Data excerpts:
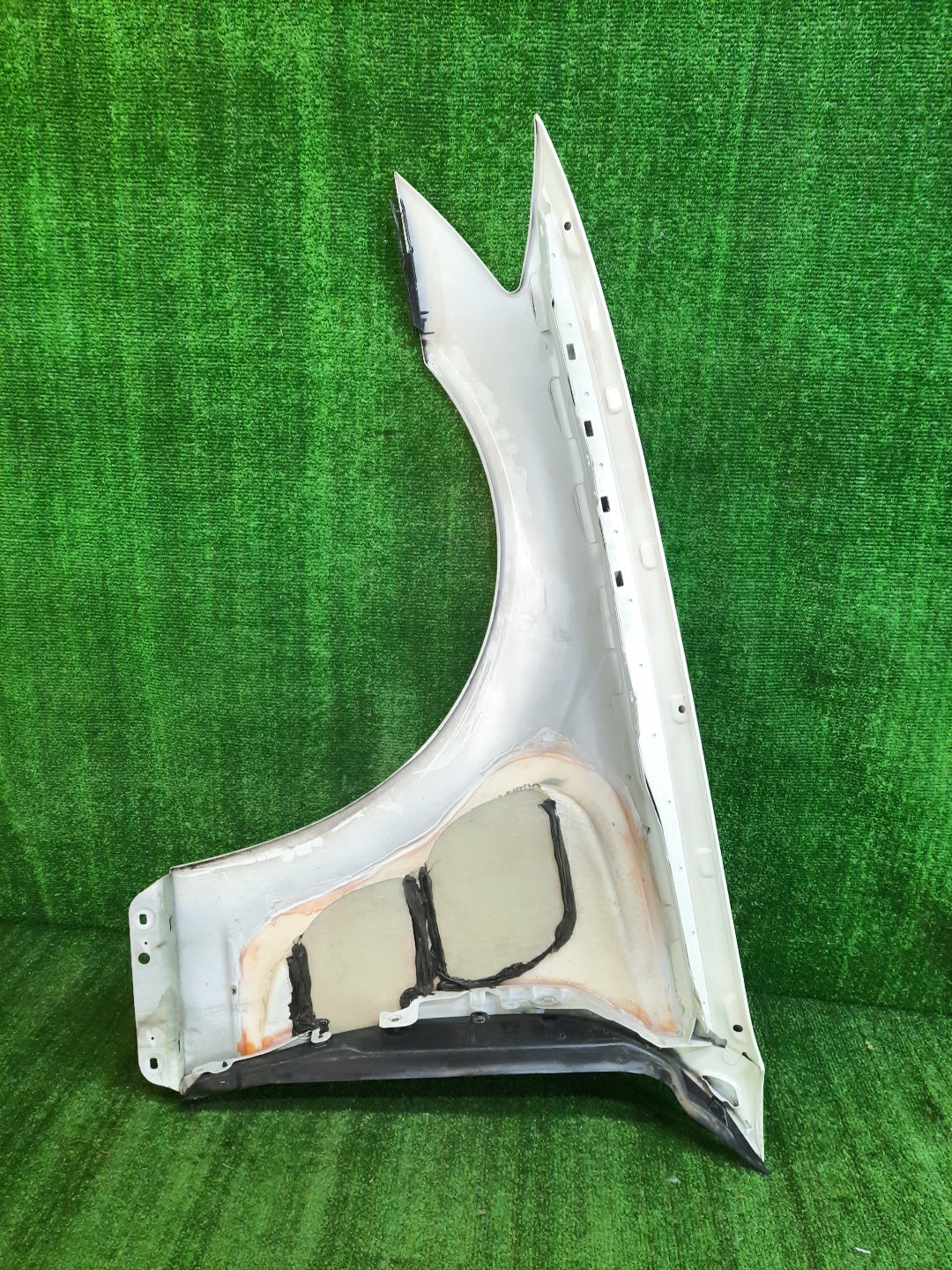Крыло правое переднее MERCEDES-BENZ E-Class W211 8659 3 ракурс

==

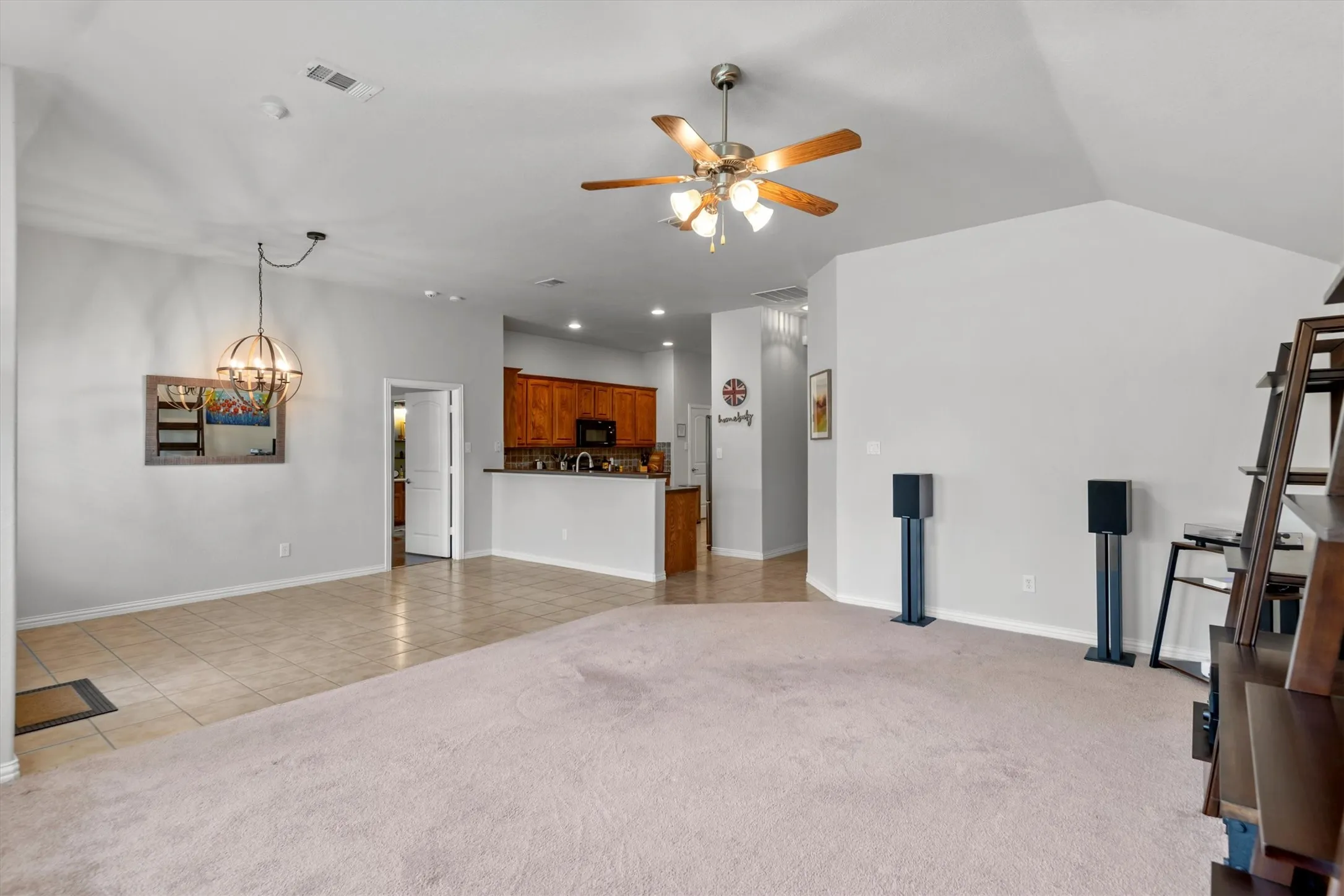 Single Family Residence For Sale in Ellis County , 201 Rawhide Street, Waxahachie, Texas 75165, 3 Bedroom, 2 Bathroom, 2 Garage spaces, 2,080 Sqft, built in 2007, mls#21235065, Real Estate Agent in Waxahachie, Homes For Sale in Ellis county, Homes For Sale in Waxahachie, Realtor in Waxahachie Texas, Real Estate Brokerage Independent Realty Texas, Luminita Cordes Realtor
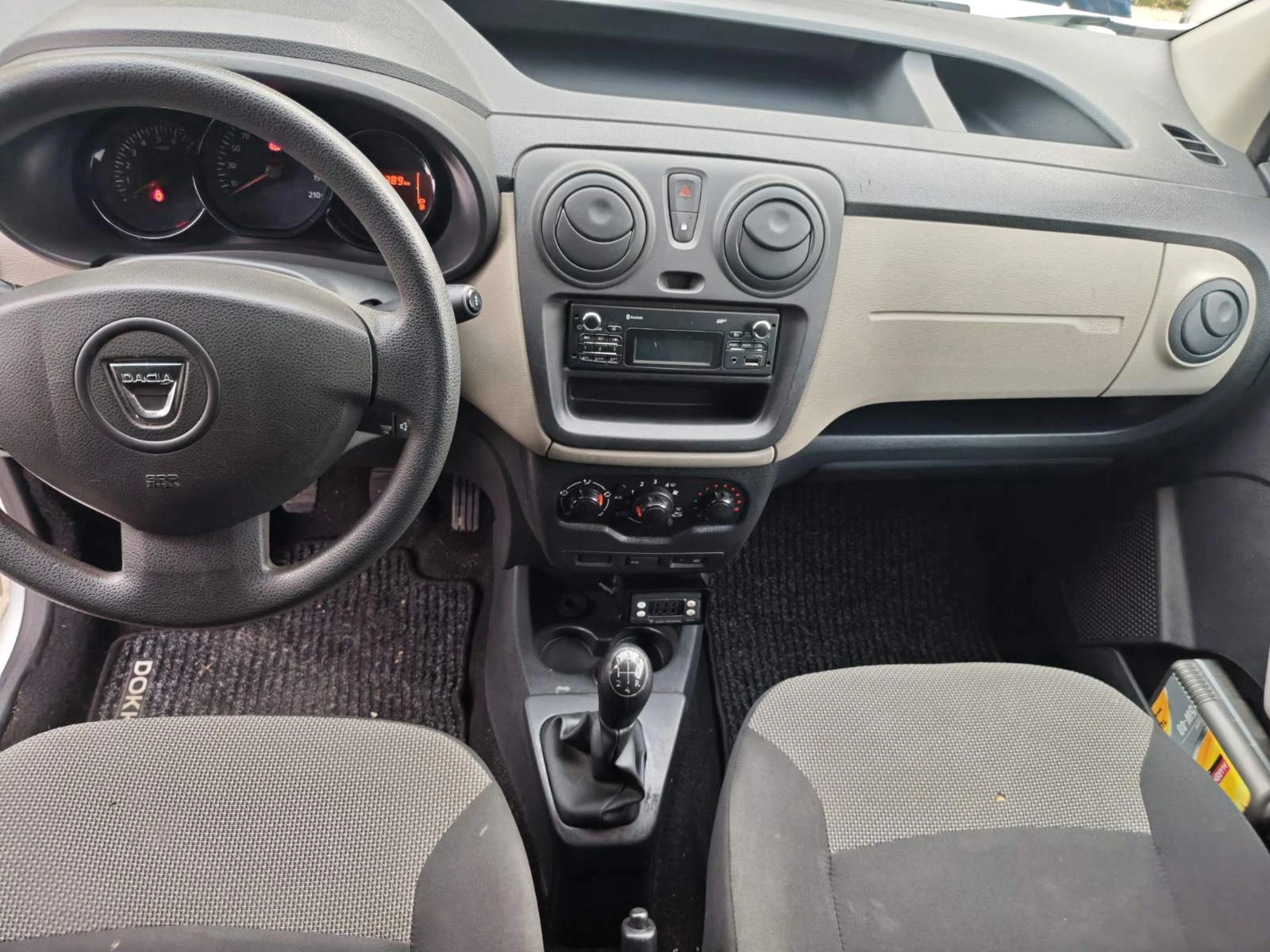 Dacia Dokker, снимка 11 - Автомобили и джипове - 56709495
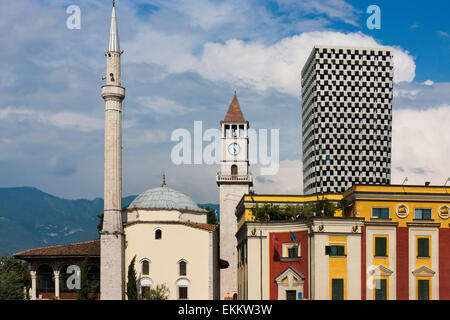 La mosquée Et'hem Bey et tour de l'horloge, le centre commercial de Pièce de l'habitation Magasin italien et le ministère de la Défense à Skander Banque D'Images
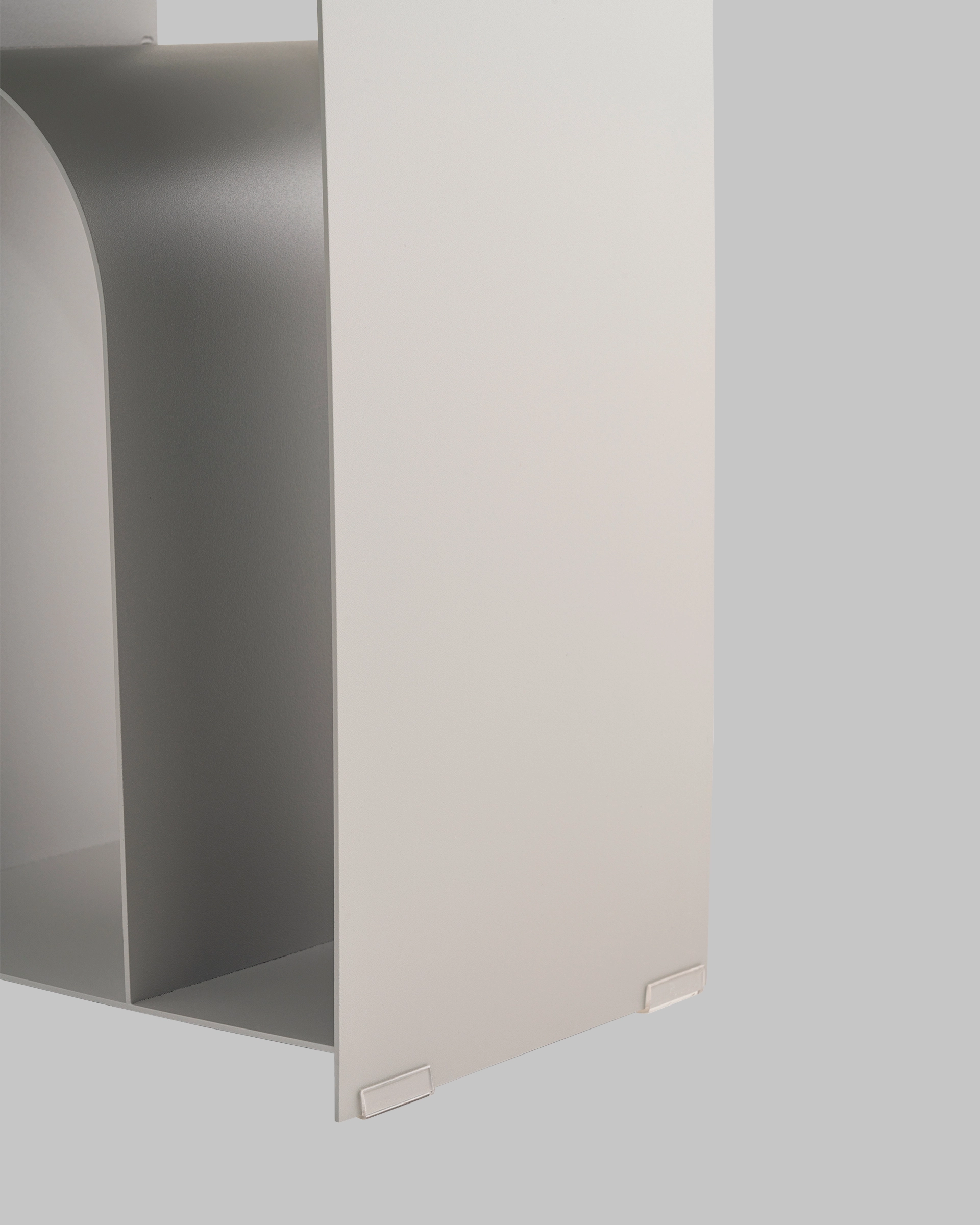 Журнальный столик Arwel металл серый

Assigned task:
Exactly the lines above from the one that contains "La mosquée Et'hem" down to the one that contains "Журнальный столик Arwel металл серый" are to be output, both ends kept and pictures omitted.

Answer area:
 La mosquée Et'hem Bey et tour de l'horloge, le centre commercial de Pièce de l'habitation Magasin italien et le ministère de la Défense à Skander Banque D'Images
 Журнальный столик Arwel металл серый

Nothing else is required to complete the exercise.